The agreement was part of a $1.9 billion settlement that allowed HSBC to avoid criminal charges after it was found to have helped move hundreds of millions of dollars in illicit drug money through the U.S. financial system.
"It is quite possible that the (agreement) may be reopened as a result of the bank's activities on either or both the tax evasion and foreign exchange manipulation front," said the U.S. law enforcement official, who requested anonymity because the investigations are ongoing.
British lawmakers said they plan to open an inquiry into the bank after it came under fire for its past practices in Switzerland.
HSBC shares fell 2 percent by 0845 GMT on Tuesday, underperforming the European bank index.
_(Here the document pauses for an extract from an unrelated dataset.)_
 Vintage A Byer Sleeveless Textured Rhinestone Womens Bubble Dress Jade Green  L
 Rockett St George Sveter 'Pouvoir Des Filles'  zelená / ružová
They fell 1.6 percent on Monday after media reports about the activities of its Swiss operation based on client data from 2006-07.
A spokesman for HSBC declined further comment on Tuesday after the bank issued a statement late on Sunday in response to the media reports.
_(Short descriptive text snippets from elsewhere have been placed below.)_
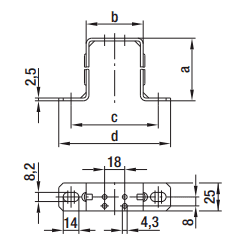 EBM-PAPST Bügel H56mm 4 Befestigungsbohrungen Spur 18 - Detail 1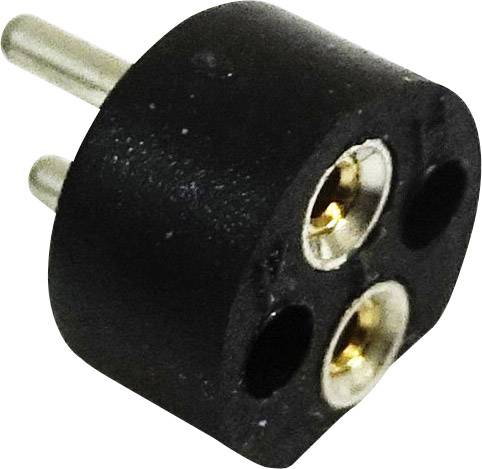 Een zwarte elektrische stekker met twee gouden contacten en drie aansluitpunten, vervaardigd uit kunststof.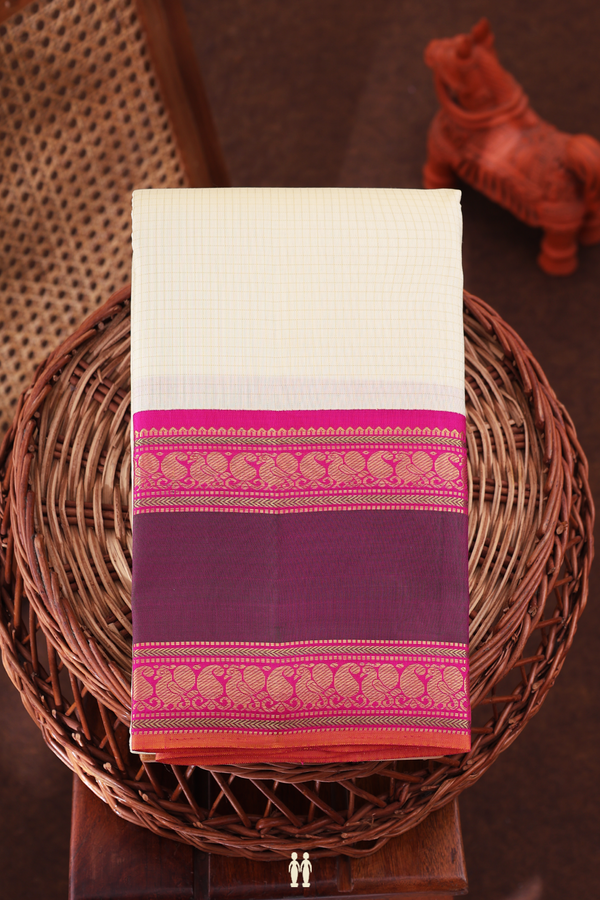 Kanchipuram Silk Saree In Egg White With Checks Design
The International Consortium of Investigative Journalists (ICIJ), which coordinated the release of details of leaked client data, said a list of people who held HSBC accounts in Switzerland included soccer and tennis players, rock stars and Hollywood actors.
Reuters could not independently verify any of the names listed by the ICIJ. Having a Swiss bank account is not illegal and many are held for legitimate purposes.
The newly released HSBC Swiss client list included royalty such as Morocco's King Mohammed, politicians, corporate executives including former Santander chairman Emilio Botin, who died last year, and wealthy families, the ICIJ said. A spokesman for the Moroccan royal palace declined to comment.
Uruguayan soccer player Diego Forlan, who was also on the list, on Monday denied evading taxes by hiding money in Swiss accounts with HSBC.
The documents also listed arms dealers, people linked to former dictators and traffickers in blood diamonds, and several individuals on the current U.S. sanctions list, including Gennady Timchenko, an associate of Russian President Vladimir Putin. Timchenko's Volga Group declined to comment.
"We acknowledge and are accountable for past compliance and control failures," HSBC said after news outlets published the allegations about its Swiss private bank.
The Guardian and other media cited documents obtained by the ICIJ via French newspaper Le Monde.
HSBC said that its Swiss arm had not been fully integrated into HSBC after its purchase in 1999, allowing "significantly lower" standards of compliance and due diligence to persist.
The Guardian asserted that the files showed HSBC's Swiss bank routinely allowed clients to withdraw "bricks" of cash, often in foreign currencies which were of little use in Switzerland.
HSBC also marketed schemes which were likely to enable wealthy clients to avoid European taxes and colluded with some to conceal undeclared accounts from domestic tax authorities, the Guardian said.
The reports began a political debate in Britain ahead of a parliamentary election in May, with Margaret Hodge, a senior opposition Labour Party lawmaker, saying tax authorities had done too little to collect tax money.
HSBC's admission of failing has renewed scrutiny on Stephen Green, who was executive chairman between 2006 and 2010. Green was later made a member of Britain's upper house of parliament and served as minister for trade and investment between 2011 and 2013.
The HSBC client data were supplied by Herve Falciani, a former IT employee of HSBC's Swiss private bank, HSBC said. HSBC said Falciani downloaded details of accounts and clients at the end of 2006 and early 2007. French authorities have obtained data on thousands of the customers and shared them with tax authorities elsewhere, including Argentina.
Switzerland has charged Falciani with industrial espionage and breaching the country's secrecy laws. Falciani could not be reached for comment but has previously told Reuters he is a whistleblower trying to help governments track down citizens who used Swiss accounts to evade tax.
HSBC said it was cooperating with authorities investigating tax matters. Authorities in France, Belgium and Argentina have said they are investigating.
HSBC said the Swiss private banking industry, long known for its secrecy, operated differently in the past and this may have resulted in HSBC having had "a number of clients that may not have been fully compliant with their applicable tax obligations."
Its private bank, especially its Swiss arm, had undergone "a radical transformation" in recent years, it said in a detailed four-page statement.